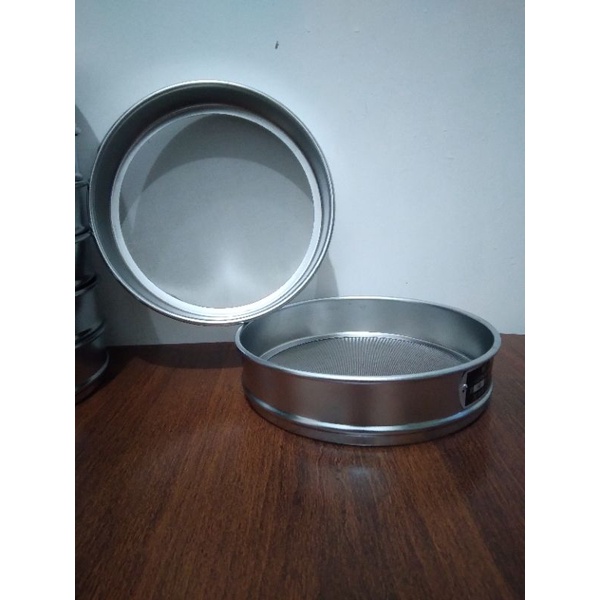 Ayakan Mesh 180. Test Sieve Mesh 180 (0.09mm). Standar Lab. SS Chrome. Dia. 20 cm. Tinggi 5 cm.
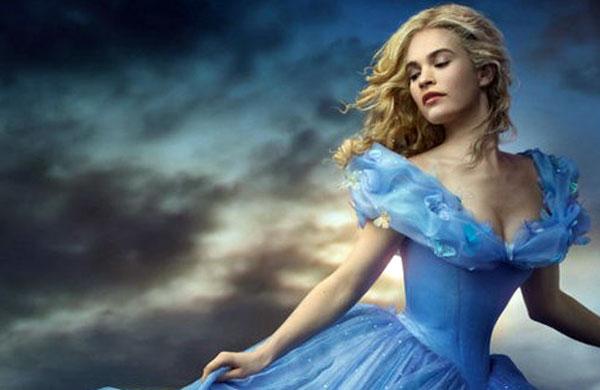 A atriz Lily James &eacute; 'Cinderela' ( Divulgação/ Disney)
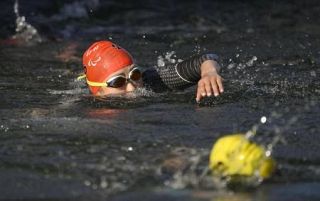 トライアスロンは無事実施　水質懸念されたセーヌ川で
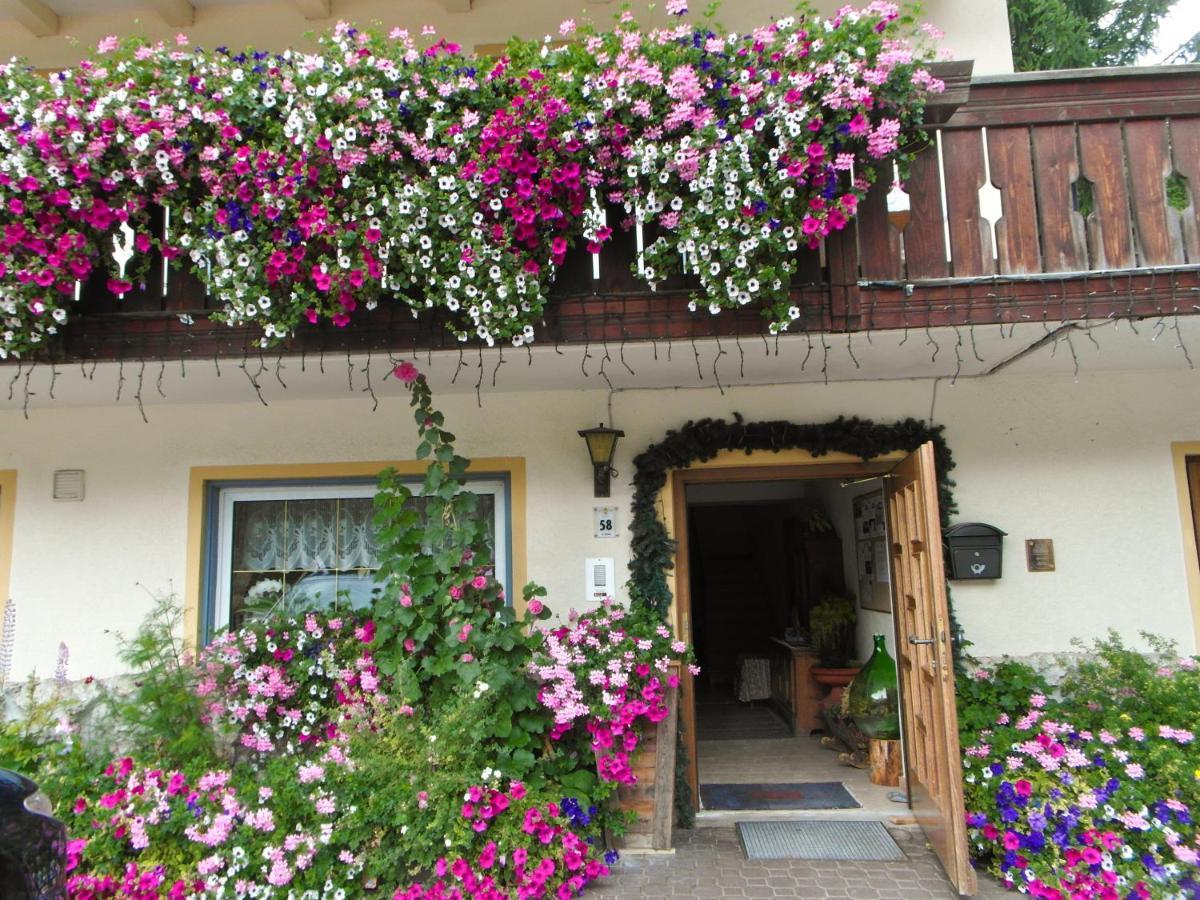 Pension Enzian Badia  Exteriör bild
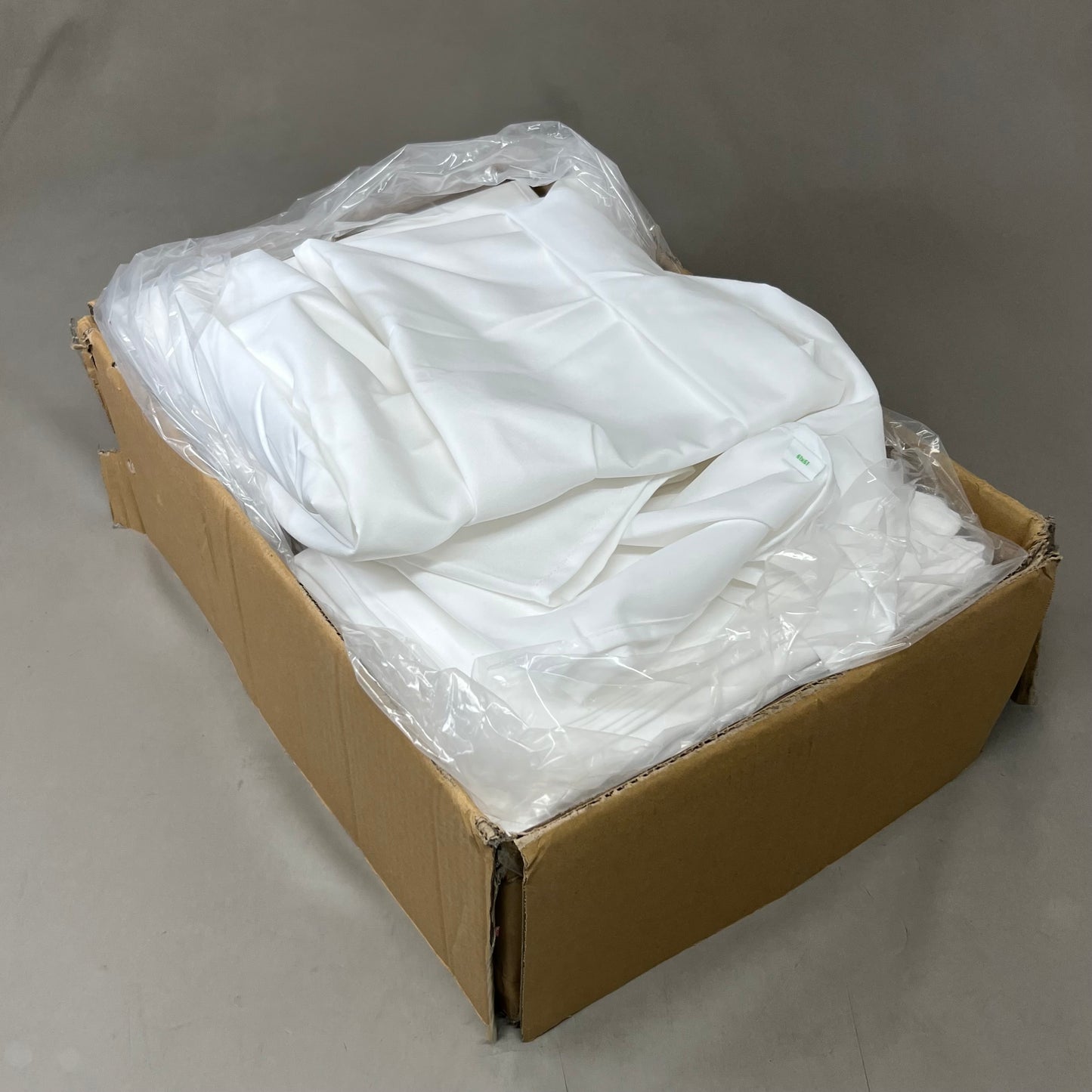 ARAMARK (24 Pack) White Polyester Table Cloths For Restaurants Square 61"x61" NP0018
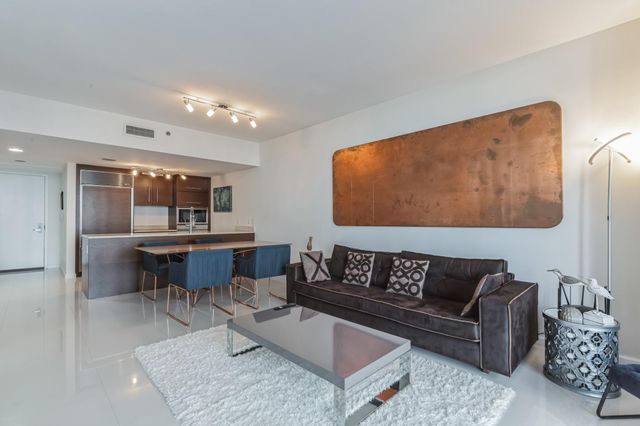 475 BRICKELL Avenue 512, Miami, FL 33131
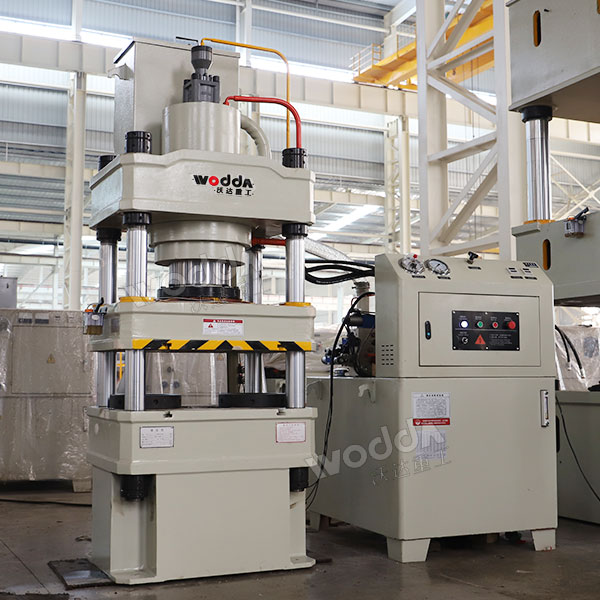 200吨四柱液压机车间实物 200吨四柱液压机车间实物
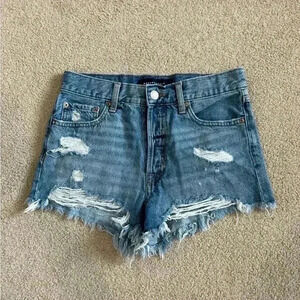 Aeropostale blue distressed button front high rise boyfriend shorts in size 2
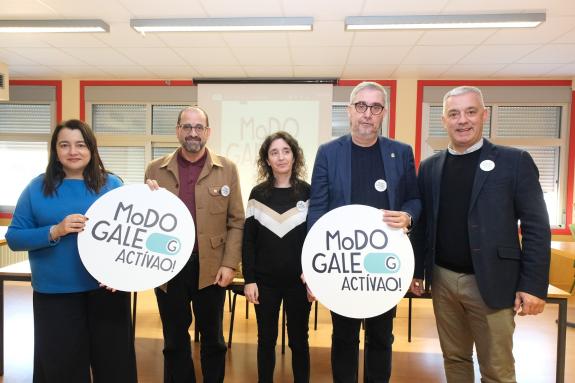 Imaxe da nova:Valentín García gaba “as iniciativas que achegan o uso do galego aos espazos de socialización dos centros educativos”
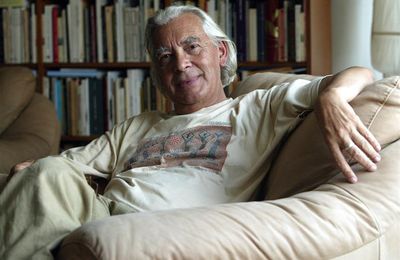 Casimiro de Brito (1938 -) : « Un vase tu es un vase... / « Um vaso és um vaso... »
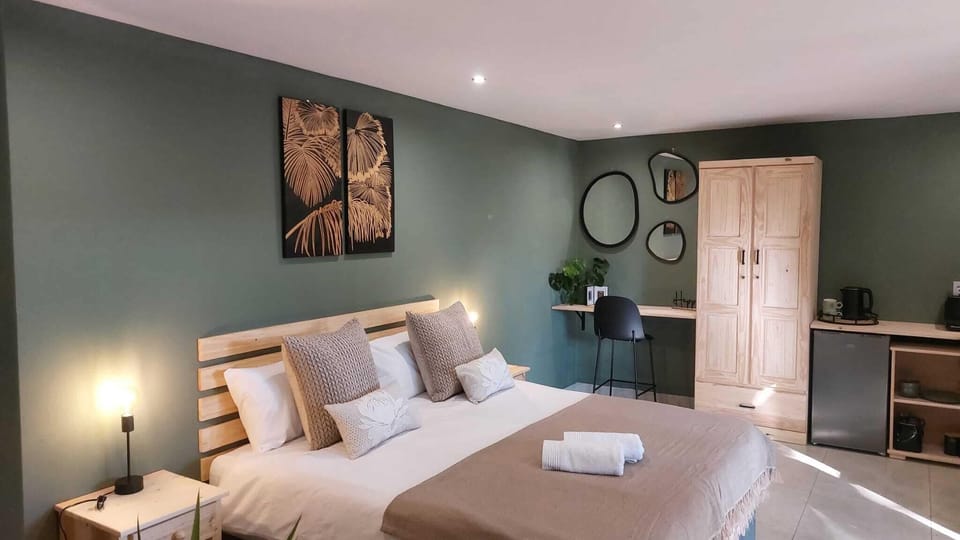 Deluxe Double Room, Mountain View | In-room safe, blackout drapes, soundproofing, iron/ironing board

•••

*What you should do*:
All that should appear in the answer is the lines above from the line with "200吨四柱液压机车间实物 200吨四柱液压机车间实物" through the line with "Imaxe da nova:Valentín", retyped exactly, pictures left out.

*Written response*:
 200吨四柱液压机车间实物 200吨四柱液压机车间实物
 Aeropostale blue distressed button front high rise boyfriend shorts in size 2
 Imaxe da nova:Valentín García gaba “as iniciativas que achegan o uso do galego aos espazos de socialización dos centros educativos”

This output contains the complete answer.